The 2013-14 Academic Guide explicitly notes at the beginning of the description of the undergraduate program, “The major is not intended to provide skills-based training in in oral argument or communication.” The description of the PhD program states, “Crucial to the department's approach is an investigation into the rhetorical constitution of the arguments of such fields as law, politics, literature, film, and philosophy. The interests of faculty and graduate students thus range throughout these fields and are informed by a critical interest in the rhetoric of disciplines.”
The present description in the department’s “Overview” is: “Rhetoric is not a discipline but a hub of inquiry and experimentation. It is not bounded by objects of study, by chronology, or by any other single factor. In Rhetoric, we train our students to keep one eye on extra-disciplinary thinking while simultaneously mastering traditional disciplinary methods and approaches.”

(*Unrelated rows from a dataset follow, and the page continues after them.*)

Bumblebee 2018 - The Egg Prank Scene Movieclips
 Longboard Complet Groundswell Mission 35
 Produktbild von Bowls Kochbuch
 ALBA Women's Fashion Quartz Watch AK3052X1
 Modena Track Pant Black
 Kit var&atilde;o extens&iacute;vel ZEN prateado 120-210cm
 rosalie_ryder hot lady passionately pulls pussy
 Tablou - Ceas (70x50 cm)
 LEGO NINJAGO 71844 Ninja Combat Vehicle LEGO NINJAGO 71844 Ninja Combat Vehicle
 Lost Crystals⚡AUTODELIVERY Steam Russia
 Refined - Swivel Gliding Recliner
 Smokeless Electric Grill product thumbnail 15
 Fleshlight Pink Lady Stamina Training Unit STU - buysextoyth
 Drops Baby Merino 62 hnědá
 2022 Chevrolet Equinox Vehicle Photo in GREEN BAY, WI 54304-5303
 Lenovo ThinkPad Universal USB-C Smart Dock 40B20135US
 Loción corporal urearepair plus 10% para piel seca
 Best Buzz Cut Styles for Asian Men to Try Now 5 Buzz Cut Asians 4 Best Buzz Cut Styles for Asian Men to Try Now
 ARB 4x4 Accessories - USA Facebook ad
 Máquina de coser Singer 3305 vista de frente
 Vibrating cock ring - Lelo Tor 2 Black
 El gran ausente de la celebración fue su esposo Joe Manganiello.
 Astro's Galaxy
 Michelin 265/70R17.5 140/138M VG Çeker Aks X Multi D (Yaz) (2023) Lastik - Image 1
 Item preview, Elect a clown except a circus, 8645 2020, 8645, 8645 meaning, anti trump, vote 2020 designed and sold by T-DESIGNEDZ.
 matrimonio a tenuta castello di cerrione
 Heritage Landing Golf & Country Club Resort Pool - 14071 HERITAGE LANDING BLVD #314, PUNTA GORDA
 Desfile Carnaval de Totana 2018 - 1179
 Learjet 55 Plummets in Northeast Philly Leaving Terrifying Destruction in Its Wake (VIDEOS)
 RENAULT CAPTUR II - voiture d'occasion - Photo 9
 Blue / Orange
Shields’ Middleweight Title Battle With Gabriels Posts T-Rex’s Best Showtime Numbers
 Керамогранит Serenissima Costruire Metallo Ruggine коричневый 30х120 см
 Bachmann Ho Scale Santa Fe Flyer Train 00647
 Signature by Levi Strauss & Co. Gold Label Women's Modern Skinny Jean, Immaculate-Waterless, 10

Current faculty not previously mentioned are evidence of the present breadth and scope of the department’s interests. David Bates (history, artificial intelligence), Samera Esmeir (colonialism and law), Samiha Khalil (postcolonialism, critical race theory), Fumi Okiji (sound and music, black feminist theory), James Porter (ancient Greek and Roman aesthetics, philosophy), Mario Telò (theory of ancient drama, modern reception of ancient drama), Winnie Wong (art history, forgery), Nasser Zakariya (scientific narrative). Affiliated faculty are from the departments of Philosophy, Geography, Anthropology, History, English, Gender and Women’s Studies, Film Studies, and French. Recent lecturers have included Nathan Atkinson, Michael Dalebout, Eileen Jones, †Nadesan Permaul, Nancy Weston, and Mario Wimmer.